Over the past several years giving birth by cesarean section has become increasingly more popular. In China, which has the highest rate of c-sections in the world, 46% of babies are born by cesarean section and it is estimated that one-quarter of those operations were not necessary. Closer to home, cesarean section surgery is the most common operation in the US where over 30% of all babies are born this way. The convenience it offers, in terms of being able to "plan your life" as well as the thought of avoiding labor has become a criterion for some women to have an elective c-section.

However, even though the use of an epidural to provide pain relief and the elimination of possible hours of labor all seem quite wonderful, in contrast to a vaginal birth a c-section will leave a scar across the abdomen of a woman that often results in the development of adhesion.
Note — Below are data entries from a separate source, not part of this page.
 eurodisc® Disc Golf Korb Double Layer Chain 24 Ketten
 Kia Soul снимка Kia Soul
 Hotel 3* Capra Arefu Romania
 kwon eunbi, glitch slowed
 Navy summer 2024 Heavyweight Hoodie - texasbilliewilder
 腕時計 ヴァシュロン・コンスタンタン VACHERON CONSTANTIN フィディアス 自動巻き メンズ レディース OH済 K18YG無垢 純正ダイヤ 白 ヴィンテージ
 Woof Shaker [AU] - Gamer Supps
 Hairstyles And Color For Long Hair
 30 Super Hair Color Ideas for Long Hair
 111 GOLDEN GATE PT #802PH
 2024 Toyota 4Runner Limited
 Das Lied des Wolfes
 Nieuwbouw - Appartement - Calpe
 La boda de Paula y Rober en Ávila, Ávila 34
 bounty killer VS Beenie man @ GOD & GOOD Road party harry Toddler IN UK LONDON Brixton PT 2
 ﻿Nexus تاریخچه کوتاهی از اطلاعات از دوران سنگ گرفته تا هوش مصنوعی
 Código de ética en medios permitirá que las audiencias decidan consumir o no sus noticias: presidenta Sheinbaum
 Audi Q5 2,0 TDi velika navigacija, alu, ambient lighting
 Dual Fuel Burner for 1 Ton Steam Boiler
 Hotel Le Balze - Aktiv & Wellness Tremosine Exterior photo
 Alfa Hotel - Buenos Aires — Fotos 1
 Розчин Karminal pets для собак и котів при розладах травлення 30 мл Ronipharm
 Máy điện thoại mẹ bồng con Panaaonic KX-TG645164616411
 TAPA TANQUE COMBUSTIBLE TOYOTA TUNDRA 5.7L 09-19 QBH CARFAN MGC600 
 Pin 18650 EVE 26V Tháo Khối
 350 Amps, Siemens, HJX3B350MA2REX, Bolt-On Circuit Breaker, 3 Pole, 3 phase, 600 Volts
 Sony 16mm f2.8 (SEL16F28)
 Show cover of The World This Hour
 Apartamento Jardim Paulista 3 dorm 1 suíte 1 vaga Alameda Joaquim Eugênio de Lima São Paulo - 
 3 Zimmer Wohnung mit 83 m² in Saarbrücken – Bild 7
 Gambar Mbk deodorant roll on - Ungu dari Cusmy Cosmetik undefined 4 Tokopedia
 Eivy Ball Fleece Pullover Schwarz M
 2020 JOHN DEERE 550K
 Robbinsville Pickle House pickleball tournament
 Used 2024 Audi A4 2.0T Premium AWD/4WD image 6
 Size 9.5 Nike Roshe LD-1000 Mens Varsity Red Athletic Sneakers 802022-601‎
How Adhesion Forms from C-Section

Adhesion is a medical term used to describe scar tissue development. During a cesarean section procedure, the surgeon will open the abdomen with an incision and then open the uterus with another incision. After the abdominal wall has been opened and the birth has taken place, the surgeon will close the different layers of the incision with sutures. The trauma that is caused to the abdominal area produces scar tissue internally (adhesion) that can potentially lead to complication and pain in the abdomen.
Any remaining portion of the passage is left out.